Another telltale sign, these middle-size stores appeared to be cash-starved, spending one-third less on marketing than any other store type in the survey. And while the 4,500-square-foot average was nearly double the size of the average supplement chain store in the survey, it was not large enough to drive significant sales from fresh produce or prepared foods, with these departments averaging less than 4% of sales combined. Perhaps most important, staffing levels were lower than other store types in the survey, indicating less customer service.
WholeFoods Magazine’s 35th Annual Retail Survey found strong growth in both supplements-oriented stores of 2,500 square feet or less, and food-oriented stores of 6,000 square feet or more. But stores trying to add a moderate amount of fresh perishables foods, in the 10–20% range, in spaces averaging 4,500 square feet of gross lease area, struggled in every measurement category from gross sales to net profits. Meanwhile, the consumer-driven fresh-foods trend continues to motivate the larger food-retailing industry and in our view, will do so for the next generation and beyond.
To be a successful independent supplements-oriented retailer, you’re more likely to succeed by offering high service levels centered on a knowledgeable and caring sales staff that is empowered to engage the customer in a meaningful conversation about health, in comfortable, relaxing and uplifting surroundings. To succeed in the fresh-foods arena, you’ll need to start your vision at a minimum of 6,000 square feet, and be prepared for the steeper capital investment for fixtures and equipment, and for the higher ongoing expenses for labor. But if you do, you’ll also position yourself to ride the long-term tidal wave of demand for all things fresh, local and healthy. Good luck!

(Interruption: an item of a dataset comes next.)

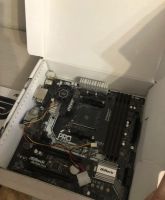 Лот: 19201806. Фото: 2. Материнская плата AM4 Asrock AB350M... Комплектующие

WF
Jay Jacobowitz is president and founder of Retail Insights®, a professional consulting service for natural products retailers established in 1998, and creator of Natural Insights for Well Being®, a comprehensive marketing service designed especially for independent natural products retailers. With 35 years of wholesale and retail industry experience, Jay has assisted in developing over 1,000 successful natural products retail stores in the U.S. and abroad. Jay is a popular author, educator, and speaker, and is the merchandising editor of WholeFoods Magazine, for which he writes Merchandising Insights and Tip of the Month. Jay also serves the Natural Products Association in several capacities. He can be reached at (800)328-0855 or via e-mail at email@example.com.
Correction: In the 2012 WholeFoods Retailer Survey (published December 2012, p. 20), there was an error on Chart A. The key should have indicated that GLA Square Foot was the bottom line and Retailing Square Foot was the top line. The data presented in Table 1 was correct. We apologize for any confusion.